Fri Aug 27 13:48:29 CDT 2010


My only experience with KDEs has been on the circle, where there seems
to be little or no literature and the constraints are rather
different.

On 27 August 2010 14:38,  <josef.pktd@gmail.com> wrote:
> On Fri, Aug 27, 2010 at 2:17 PM, Sam Birch <sam.m.birch@gmail.com> wrote:
>> Hi all,
>> I was thinking of renovating the kernel density estimation package (although
>> no promises; I'm leaving for college tomorrow morning!). I was wondering:
>> a) whether anyone had started code in that direction
>
> Mike Crowe wrote code for kernel regression  and Skipper started a 1D
> kernel density estimator in scikits.statsmodels, which cover a larger
> number of kernels
>
> I don't think I have seen any higher dimensional kernel density
> estimation in python besides scipy.stats.kde.
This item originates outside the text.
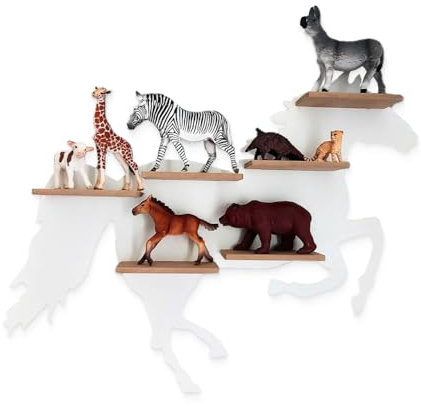 MOLILAND Sammlervitrine Fächer Setzkasten Holz Sammelbox für Ponys, Ponytiere und andere Figuren, Regal für Kinderzimmer, Dekoration für Kinderzimmer, Hängende Ablage für Zubehör und Spielzeug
The Gaussian kde in
> scipy.stats is targeted to the underlying Fortran code for
> multivariate normal cdf.
> It's not clear to me what other n-dimensional kdes would require or
> whether they would fit well with the current code.
>
> One extension that Robert also mentioned in the past that it would be
> nice to have adaptive kernels, which I also haven't seen in python
> yet.
>
>> b) what people want in it
>> I was thinking (as an ideal, not necessarily goal):
>> - Support for more than Gaussian kernels (e.g. custom,
>> uniform, Epanechnikov, triangular, quartic, cosine, etc.)
>> - More options for bandwidth selection (custom bandwidth matrices, AMISE
>> optimization, cross-validation, etc.)
>
> definitely yes, I don't think they are even available for 1D yet.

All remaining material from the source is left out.